An initial co-plaintiff, the American Society of Civil Engineers (ASCE), withdrew from the suit but maintains that its materials are copyrighted and describes its economic model differently. Alexa Lopez, ASCE’s senior manager for public affairs and media relations, provided a written comment: “Upcodes is a for-profit entity that posted these copyrighted materials online for profit. For awareness, ASCE is a 501(c)(3) non-profit organization with a long history of promoting the education, science and profession of civil engineering. ASCE expends significant resources on standards development, including convening staff and volunteer experts from across the country and globe, compliance with ANSI standards, public input, and balloting. ASCE recoups some of these costs through standards sales, the proceeds of which are used to promote the Society’s educational and charitable 501(c)(3) activities. The Society’s standards are protected by copyright and registered with the U.S. copyright office.”

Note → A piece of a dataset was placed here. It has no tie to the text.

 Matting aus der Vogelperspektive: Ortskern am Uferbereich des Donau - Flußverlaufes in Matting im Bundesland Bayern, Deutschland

The most relevant precedent, the Reynoldses and their allies hold, is Veeck v. Southern Building Code Congress International, Inc., 293 F.3d 791 (5th Cir. 2002), where the Fifth Circuit Court of Appeals held that model codes developed by the SBCCI (one of three organizations that merged to form the ICC in 1994), once enacted into law, forfeited copyright protection. An earlier case, Building Officials & Code Adm. [BOCA] v. Code Technology, Inc., 628 F.2d 730, 734 (1st Cir. 1980), also defined Massachusetts building codes as law not protectable by copyright.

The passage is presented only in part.